Per sfidare la politica della scappatoia...
Riporto di seguito il mio intervento al convegno di Area democratica che si è svolto a Cortona venerdì 18 e sabato 19 dicembre:
Per rispondere alle due domande - se esistano buone ragioni per costruire Area democratica e se sia opportuno costruirla -, vengo subito al quarto pilastro di cui ha parlato Michele Salvati, la collocazione del partito all’interno del sistema politico; vengo, cioè, al nucleo della posizione politica che abbiamo condiviso appoggiando Franceschini e al nucleo potenziale di Area democratica. Anche perché Salvati su questo punto - sulla legge elettorale e sulle prospettive future del sistema politico - intravede nel Pd un potenziale contrasto inconciliabile.
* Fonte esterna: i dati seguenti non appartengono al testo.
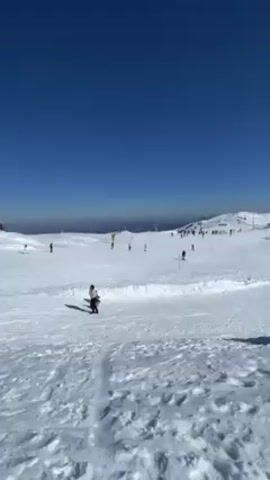 The video shows a ski slope on a sunny day. The sky is clear and blue. The ground is covered in snow, with many skiers and snowboarders visible in the distance. In the foreground, a woman and two children are standing on the snow, one of the children sitting on a sled. The camera pans slightly to the right. There are ski lifts and buildings visible in the background.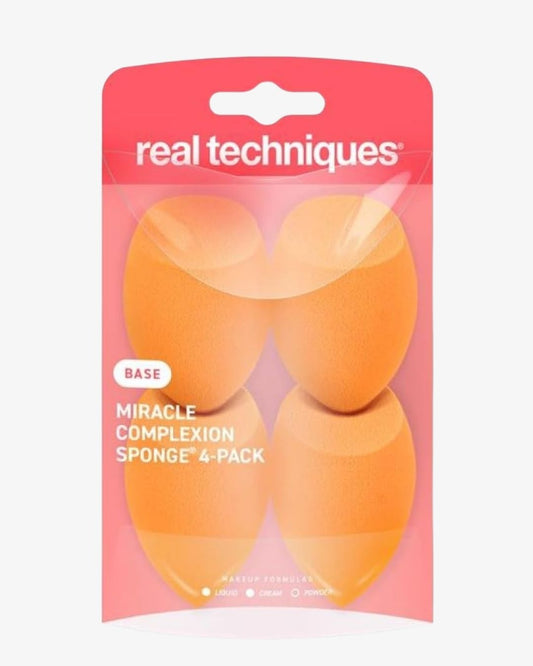 Real Techniques Miracle Complexion Sponge 4-Pack in a pink blister pack, containing four orange makeup sponges.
Le cose sono andate come sono andate. E oggi Casini non è l’unico a volere il ritorno al proporzionale e ai governi fatti e disfatti in Parlamento. E, dunque, un ritorno al passato, l’abbandono del bipolarismo e dell’alternanza. Lo vogliono in parecchi anche nel Pd. Il fatto è che D’Alema e gli altri sostenitori di un ritorno al proporzionale, escludono che, in futuro, le preferenze degli elettori possano cambiare. «L’Italia è un Paese sostanzialmente di destra», dicono , e l’unica strategia perseguibile è quella della creazione di un centro indipendente con il quale il Pd possa allearsi. In altre parole tutto il confuso discutere di alleanze ha origine nella «sfiducia», di una parte del Pd, nelle possibilità di crescita autonoma del partito. Messe così le cose, il rischio del Pd è quello di agevolare una dinamica centrifuga, regalando a soggetti fuori di sé, fuori dal partito, capacità di attrazione e un ruolo decisivo nella composizione delle alleanze.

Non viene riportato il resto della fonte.